(It’s best to read Parts One, Two, Three, Four and Five first)
‘Richard III’ Decoded is a series of five short articles which argue that William Shakespeare’s The True Tragedy of Richard III was not a piece of pro-Tudor propaganda.
It was, in fact, a coded attack on Queen Elizabeth herself.
It was a satire on the life of Sir Robert Dudley, the Earl of Leicester, Queen Elizabeth’s lover and friend, who had died just a couple of years earlier (1588).
In 1584, the Jesuits had published Leicester’s Commonwealth, a savage attack on Leicester which Shakespeare draws on to create his portrait of the hunch-backed king.
The King Richard of Shakespeare’s play
1. Murders a husband to get his wife.
2. Murders his wife to get another wife.
3. Uses black magic (or seems to!) to get his way with women.
4. Assumes, in the midst of his atrocities, an air of religious piety.
The historical King Richard was never accused of these crimes: but the Earl of Leicester was.
The Shakespeare Code argues that the original, lavish production of Richard III was staged in the grounds of Place House in Titchfield.
It was here that Leicester, acting as agent-provocateur, had destroyed the Catholic cause in England. He had encouraged the Duke of Norfolk to marry Mary Queen of Scots and the Earl of Southampton’s family to rebel against Queen Elizabeth.
It was also at Place House (when it was an Abbey) that King Henry VI had married Margaret of Anjou.
That is why Henry VI – as a corpse and a ghost – plays such a prominent part in Richard III. He was a local hero at Titchfield and had granted, in 1447, the village a school and a fair.
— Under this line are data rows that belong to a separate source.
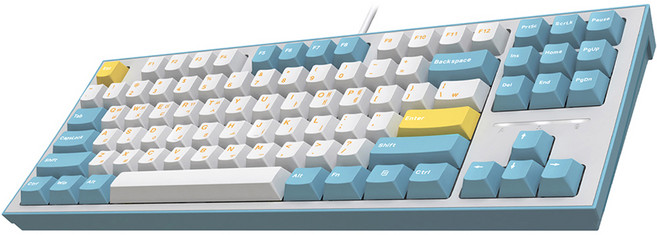 COX CK01SL TKL PBT 45GF 靜音白軸機械式鍵盤, 奶油蘇打, CK01TKLPV2, 低噪音白軸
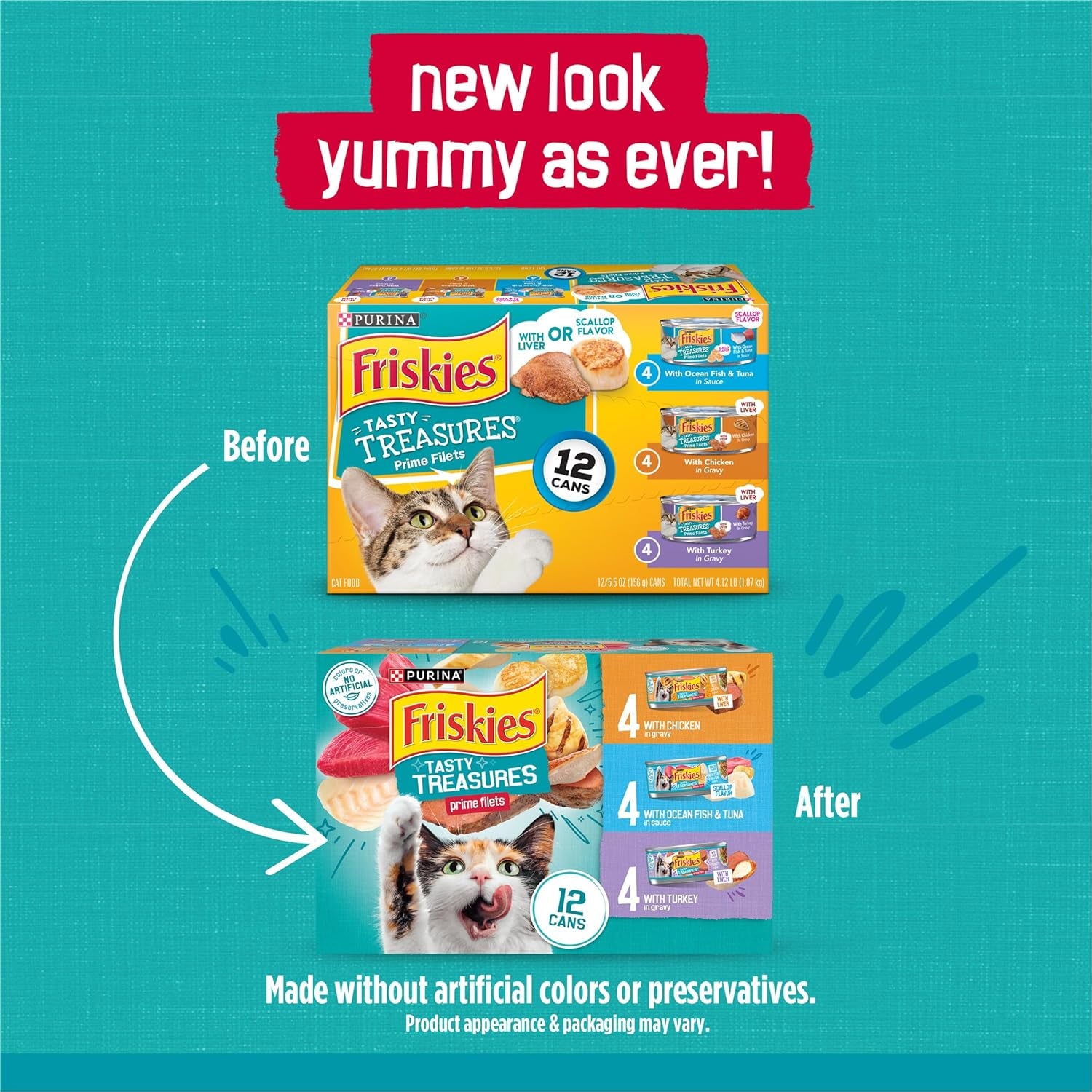 Purina  Wet Cat Food Variety Pack, Tasty Treasures Prime Filets (With Ocean Fish and Tuna, with Chicken and with Turkey) - (Pack of 12) 5.5 Oz. Cans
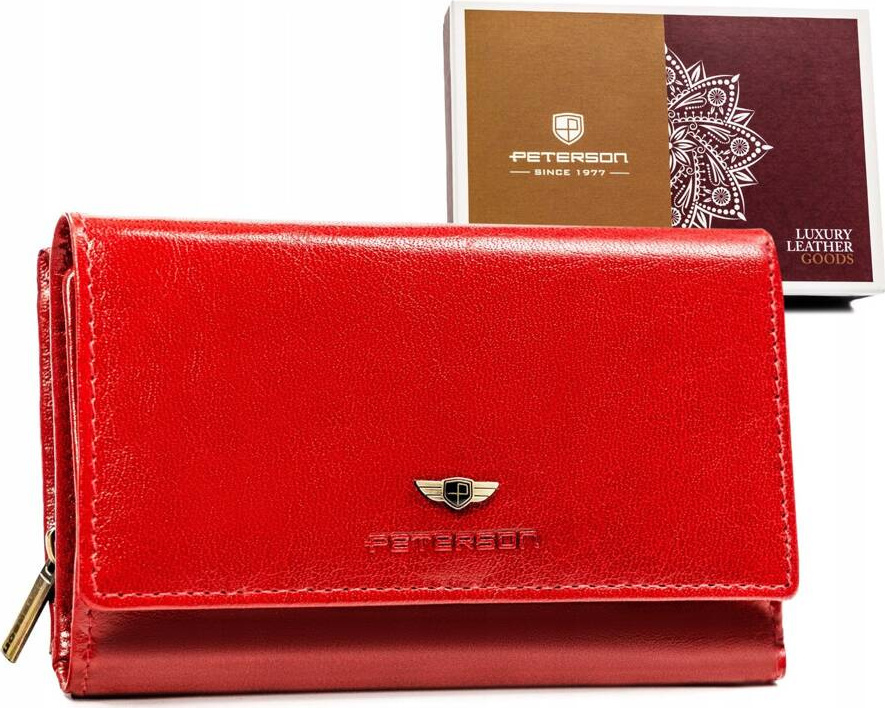 Peterson Červená stredná kožená peňaženka Y566 [DH] PTN 206-VTBD Veľkosť: ONE SIZE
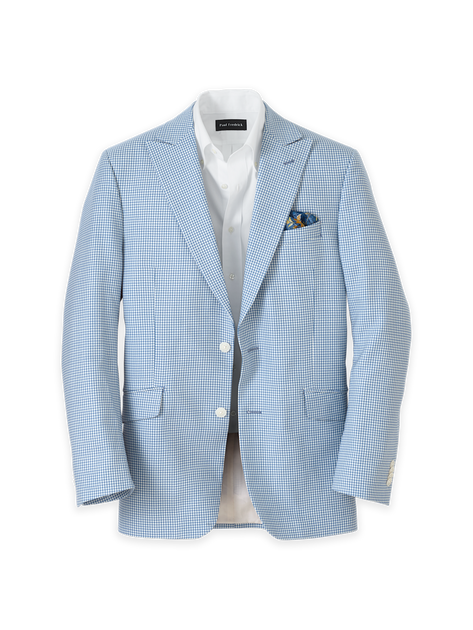 Paul Fredrick Wool Houndstooth Sport Coat Blue US 52 Long 2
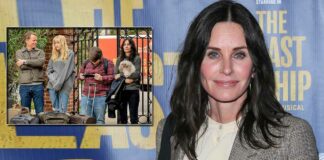 Courteney Cox Kills Time Between Setups Of Her New Show By Driving Around Tourists On Warner Bros' Set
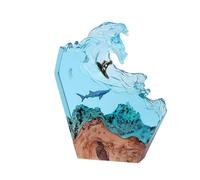 BLCKTIGR Lámpara de Resina oceánica Artesanal con Diorama Submarino detallado, tiburón Ballena, Buzo y Arrecife Coral, luz LED Resina para Escritorio, Dormitorio(K)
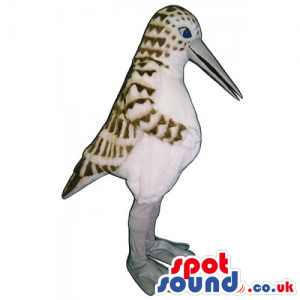 Customizable White Bird Mascot With Brown Pattern And A Long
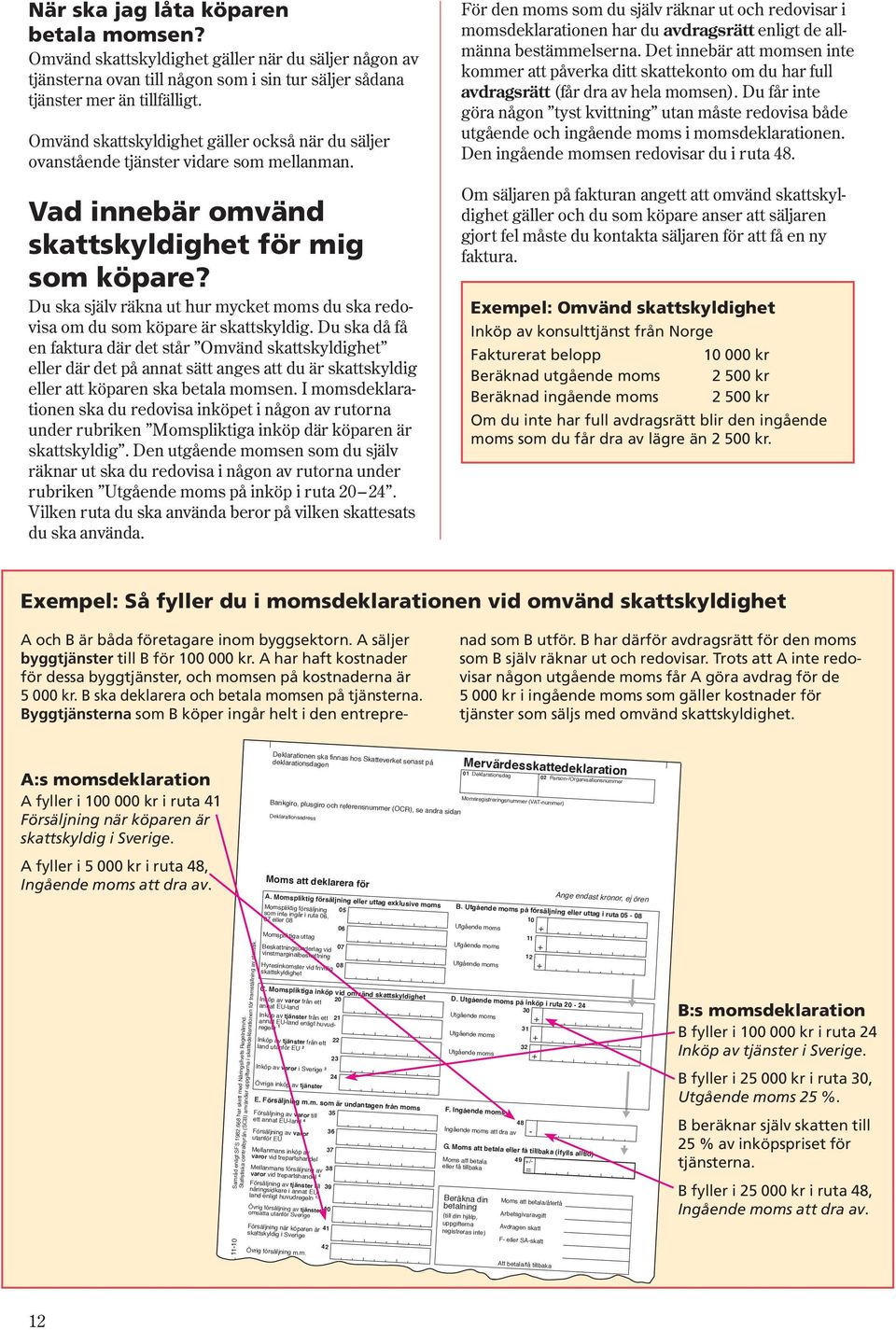 Du ska själv räkna ut hur mycket moms du ska redovisa om du som köpare är skattskyldig.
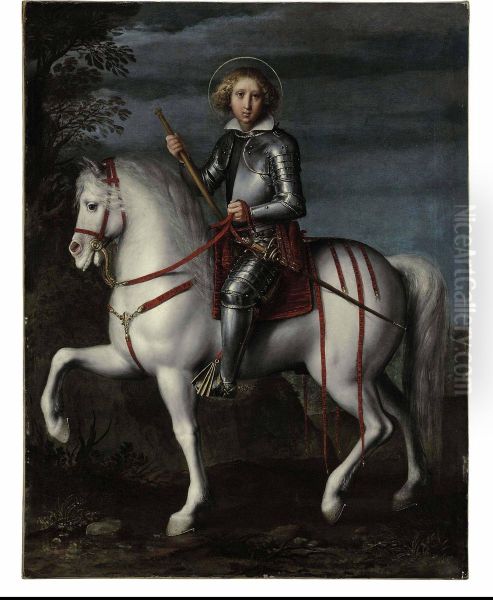 An Equestrian Portrait Of Saint Louis Of France Oil Painting by Giacomo (or Jacopo) Tarchiani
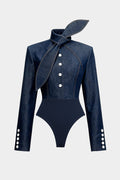 Denim Tie-Up Button Bodysuit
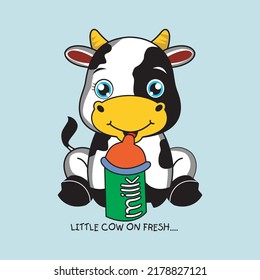 little cow with drink milk design cartoon vector illustration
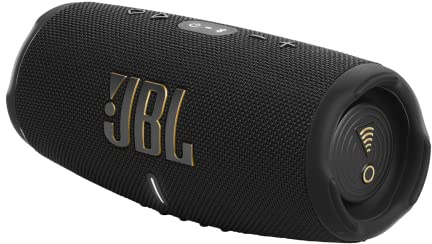 JBL Charge 5 Wifi – Kabelloser Lautsprecher mit Bluetooth und Wifi – Wasser - und staubdicht – Integrierte Powerbank – Bis zu 20 Stunden Akkulaufzeit – Schwarz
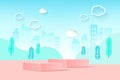Vector illustration in simple minimal geometric flat style, city landscape with buildings, hills and trees, abstract background Royalty Free Stock Photo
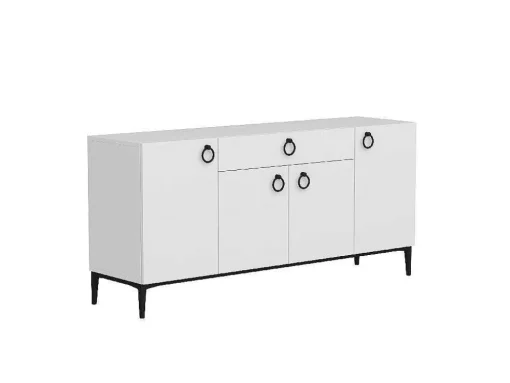 Armário Multiusos Gloria, Branco, Preto, 160X42X75 Cm, Epikasa
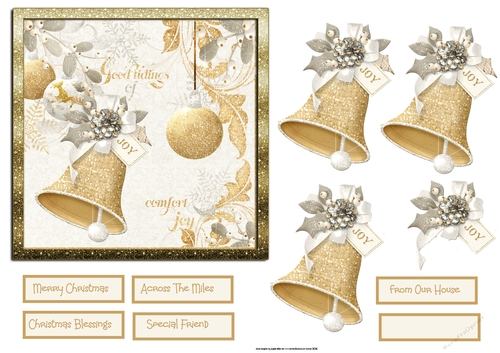 Gold Christmas bell 6x6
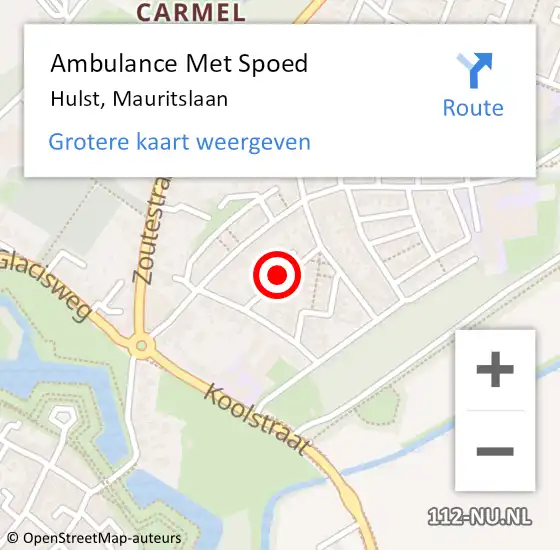 Locatie op kaart van de 112 melding: Ambulance Met Spoed Naar Hulst, Mauritslaan op 15 april 2018 03:42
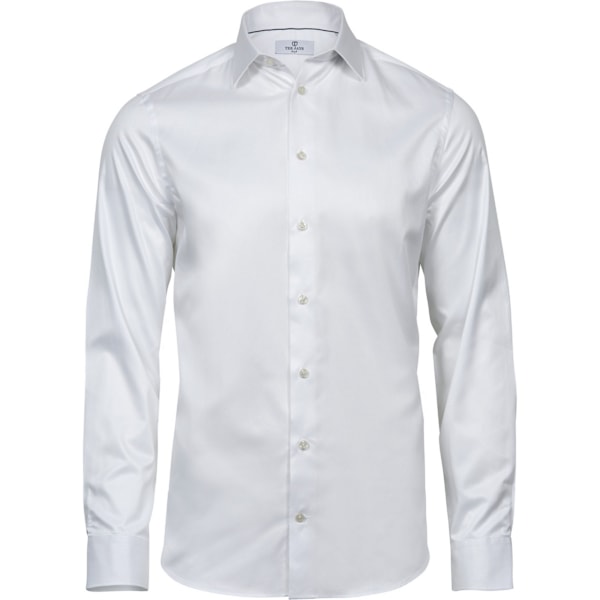 Tee Jays Herr Luxury Slim Fit Långärmad Oxford Skjorta XXL Vit White XXL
It was against the background of this fair that the play – with its horses, armour, tents and armies – was originally performed.
The fair at Titchfield is held to this day:
The Shakespeare Code also argues that the pro-Tudor version of the Richard III story, performed by the Queen’s Men, was a government reply to Shakespeare’s subversive one.
It was the beginning of the hostility that was to grow between Queen Elizabeth and one of the most brilliant of her subjects, the Catholic homosexual, William Shakespeare.